A number of the larger Insurers are now setting up “innovation labs” with the view to assisting entrepreneurial activity so that they can have a front row seat view of the innovation in the sector. As one Insurance professional said to me “We don’t want to wake up in a year’s time to find out that our industry has been disrupted by an innovation that we know nothing about..”

At the extreme level of innovation, the internet could change the way that Insurance risk is distributed. At its core insurance is a crowd based product where the losses of the few are paid for by the premium of the many, so what if we could form online insurance networks with an element of risk retention, a kind of I micro-digital-mutual.

There are a couple of businesses that are doing something like this, one being Boughtbymany, a UK based company that helps people form networks for niche insurance requirements such as Labrador owners insurance or young drivers insurance.  Then there is Friendsurance in Germany that is based around networks that can buy home insurance or liability insurance as a group with a network deductible.

I started my career as a broker at Lloyds of London, and have always been fascinated by the Lloyds syndicate approach and how that might be brought into the digital era. As the founder of Microexchanges that builds P2P marketplaces I was up for the challenge to develop a P2P insurance model.

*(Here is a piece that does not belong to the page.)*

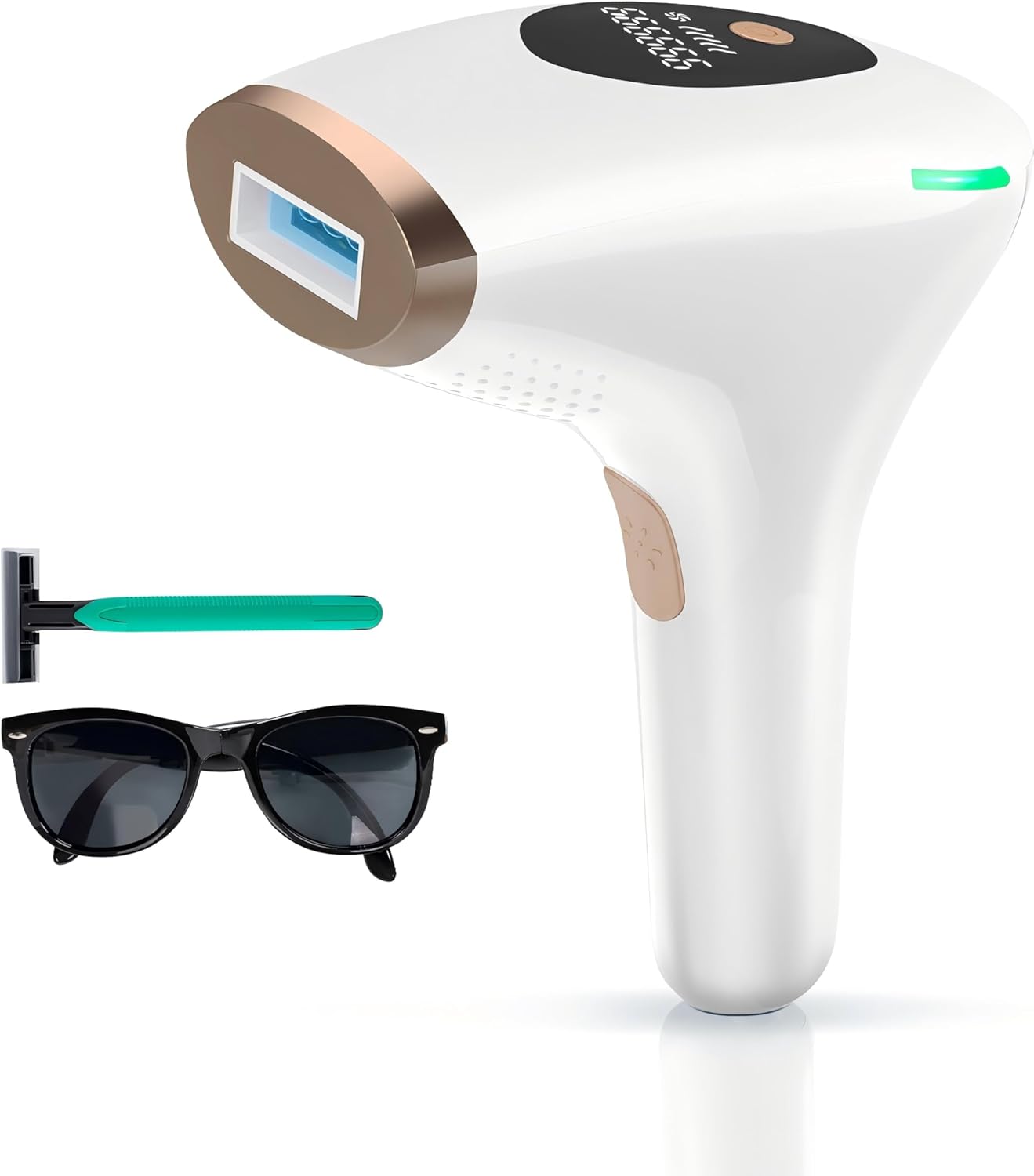 NALONE Appareil d'épilation, 999.999 Flashes Epilateur Lumiere Pulsee Femmes/Hommes, 1200NM Longueur d'onde, 2 Modes, Indolore IPL Epilation Laser pour Le Corps Entier (Blanc)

I developed the concept for “InsureMyFriend” where people can form Insurance networks that would share a level of risk within the network but with an Insurance company still standing behind the network in case of larger claims. We plan to start with mobile phone and tablet insurance. The reason for this is that in this sector there is a high percentage of fraudulent claims as well as overpriced policies due to high marketing costs. We hope to reduce the amount of fraudulent claims due to the behaviour change inherent in a group of people who know each other and lower the marketing costs due to the network effect friend referrals.

Initially my proposition fell on deaf ears, but in the last few months the appetite for innovation has suddenly become apparent.

In March InsureMyFriend was the winner of the Aviva innovation hackathon and then 2 weeks later I came runner up in the London Grand Challenge which means I’ve been sponsored to  go on the executive programme at Singularity University at NASA in California where I plan to further develop the proposition.

Whilst we are still at the product refining stage, I feel that this is one of those ideas whose time has come and with a bit of following wind and the right partners I hope InsureMyFriend can go live to the public later this year.

Insurance has often been a product that people are reluctant purchasers of. The digital innovation ahead of us will make Insurance more  efficient and transparent, and will help people truly understand and appreciate what insurance coverage they have and will be willing to refer friends and share data to make their insurance cheaper.